The exercise you suggest is futile. You've assumed that all these C programmers are writing software with a clear meaning and we just need to properly translate it so that the meaning is delivered.

There were C programmers like that, most of them now write Rust. They write what they meant, in Rust it just does what they wrote, they're happy.

But a large number - by now a majority of the die-hard C programmers - don't want that. They want to write nonsense and have it magically work. They don't need a new C dialect or a better compiler, or anything like that, they need fairy tale magic.

> There were C programmers like that, most of them now write Rust.

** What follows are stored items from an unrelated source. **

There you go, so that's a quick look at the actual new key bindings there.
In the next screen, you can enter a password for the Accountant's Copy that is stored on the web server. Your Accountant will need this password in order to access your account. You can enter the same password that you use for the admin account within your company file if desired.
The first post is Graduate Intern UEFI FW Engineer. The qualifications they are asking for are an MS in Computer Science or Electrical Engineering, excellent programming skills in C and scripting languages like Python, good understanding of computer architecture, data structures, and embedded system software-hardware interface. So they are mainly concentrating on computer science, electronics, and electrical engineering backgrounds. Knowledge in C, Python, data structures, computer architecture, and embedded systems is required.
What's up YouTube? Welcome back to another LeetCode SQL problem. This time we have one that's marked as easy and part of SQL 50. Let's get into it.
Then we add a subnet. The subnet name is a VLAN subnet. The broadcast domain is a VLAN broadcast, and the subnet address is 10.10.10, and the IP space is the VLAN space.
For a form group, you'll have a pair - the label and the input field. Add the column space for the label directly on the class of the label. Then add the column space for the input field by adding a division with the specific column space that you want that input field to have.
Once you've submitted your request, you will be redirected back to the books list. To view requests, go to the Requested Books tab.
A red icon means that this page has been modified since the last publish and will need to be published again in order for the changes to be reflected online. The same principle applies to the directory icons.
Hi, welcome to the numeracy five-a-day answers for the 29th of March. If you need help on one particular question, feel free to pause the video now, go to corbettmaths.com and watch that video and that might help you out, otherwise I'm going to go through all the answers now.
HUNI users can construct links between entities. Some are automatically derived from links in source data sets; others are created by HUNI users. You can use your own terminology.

Please don't. There's a space in the world for language flames. But the real world is filled with people trying to evolve existing codebases using tools like ubsan, and that's what I'm talking about.

I don't see how this constitutes a language flame. I spent decades writing C. Twenty years ago I'd have agreed that it was worth trying to "fix" C, today I just write Rust instead.
I'm a huge proponent of UBSan and ASan. Genuine curiosity, what don't you like about them?

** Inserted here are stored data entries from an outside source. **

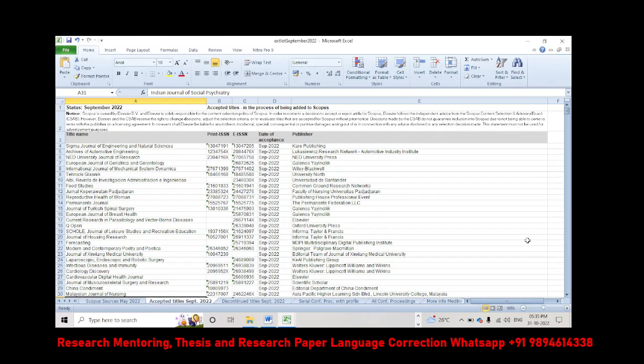Hello friends, in this video we will see the latest Scopus update in September 2022.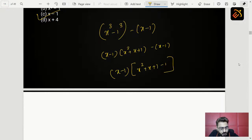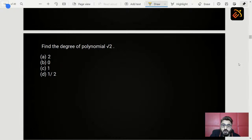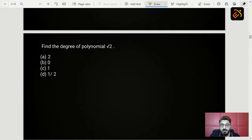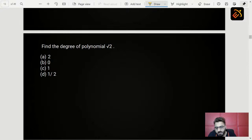MCQ 6: Find the degree of the polynomial √2. The degree is found using the highest power of x. Since there is no x present, the degree is zero. The correct answer is option B.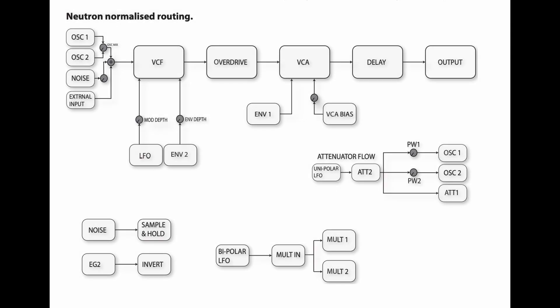The first thing we want to look at is the normalized routing block diagram of the synthesizer. This will show you all the paths of the synth when the matrix is not in use. So this is what we need to follow in order to achieve the synthesizer without the matrix.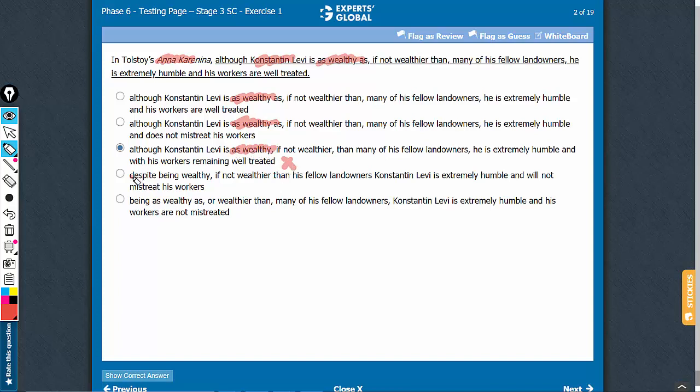Despite being wealthy changes the meaning. And the usage of being is anyway redundant here. The passive continuous verb being is not needed. And then, you see, his workers are not mistreated is passive in construction.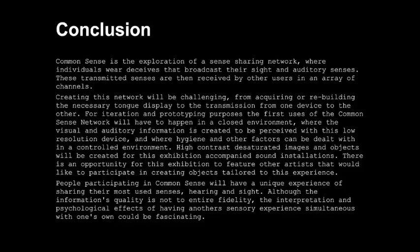There's an opportunity for this exhibition to feature other artists who would like to participate in creating objects tailored to this experience. People participating in Common Sense will have a unique experience of sharing their most-used senses — hearing and sight — or, if they don't have them, they can see through other people's eyes. Although the information quality is not of full fidelity, the interpretation and psychological effects of having another sensory experience simultaneously with one's own could be fascinating. I'm really excited to see this project come to fruition, and hopefully people will take interest in this proposal. Thank you so much for listening.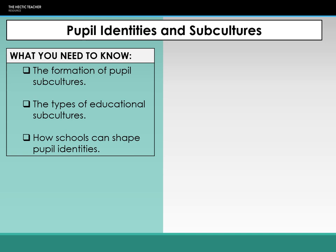In this lecture, I'm going to take you through the pupil identities and subcultures topic. This leads on from the roles and processes lecture that you've already had, where we looked at labelling and the labelling process, as well as in-class and in-school groupings.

FWIW, there once was a real good-faith effort to clean up the problems, Friendly C by Prof Regehr, https://blog.regehr.org/archives/1180 and https://blog.regehr.org/archives/1287 .

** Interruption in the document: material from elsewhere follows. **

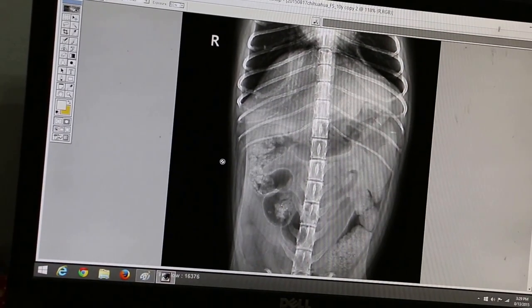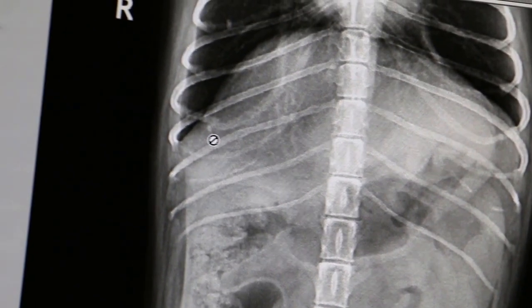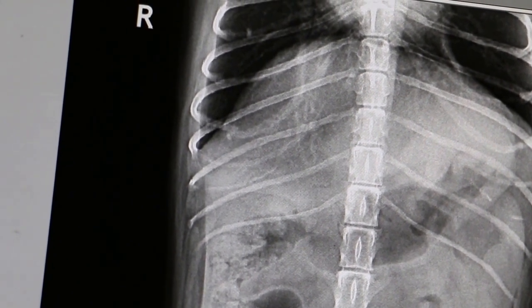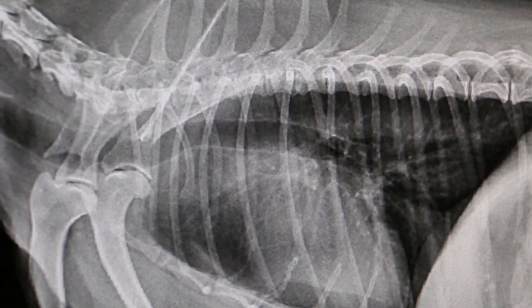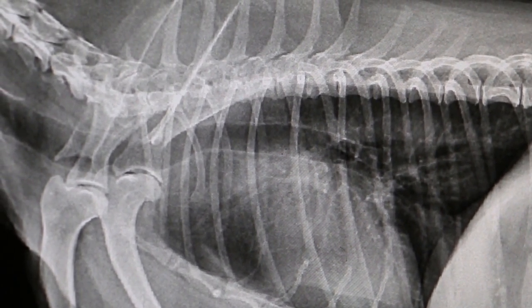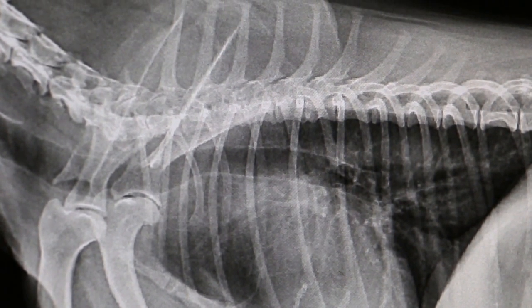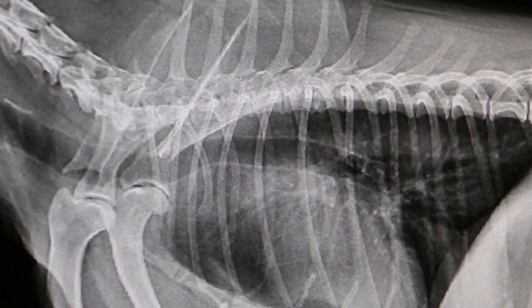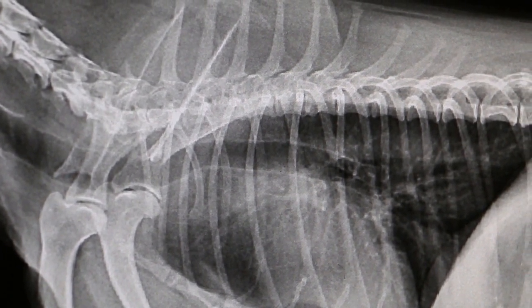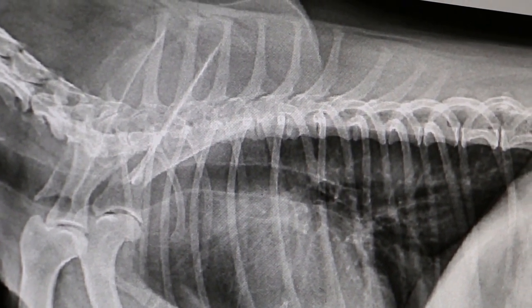Now we bring it down to the smaller view — even on the overall view you can still see it quite prominently. Then I'll show you the side view. Okay, side view: rib 13, 12 — rib 13 is the floating rib. Then 12, 11, 10, 9.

It turns out it's really hard. Let's take an easy-to-understand example, signed integer overflow. C has unsigned types with guaranteed 2's complement rules, and signed types with UB on overflow, which leaves the compiler free to rewrite the expression using the field axioms, if it wants to. "a = b * c / c;" may emit the multiply and divide, or it can eliminate the pair and replace the expression with "a = b;".

Why do we connect interpreting the top bit as a sign bit with whether field axiom based rewriting should be allowed? It would make sense to have a language which splits those two choices apart, but if you do that, either the result isn't backwards compatible with C anyways or it is but doesn't add any safety to old C code even as it permits you to write new safe C code.

Sometimes the best way to rewrite an expression is not what you'd consider "simplified form" from school because of the availability of CPU instructions that don't match simple operations, and also because of register pressure limiting the number of temporaries. There's real world code out there that has UB in simple integer expressions and relies on it being run in the correct environment, either x86-64 CPU or ARM CPU. If you define one specific interpretation for the same expression, you are guaranteed to break somebody's real world "working" code.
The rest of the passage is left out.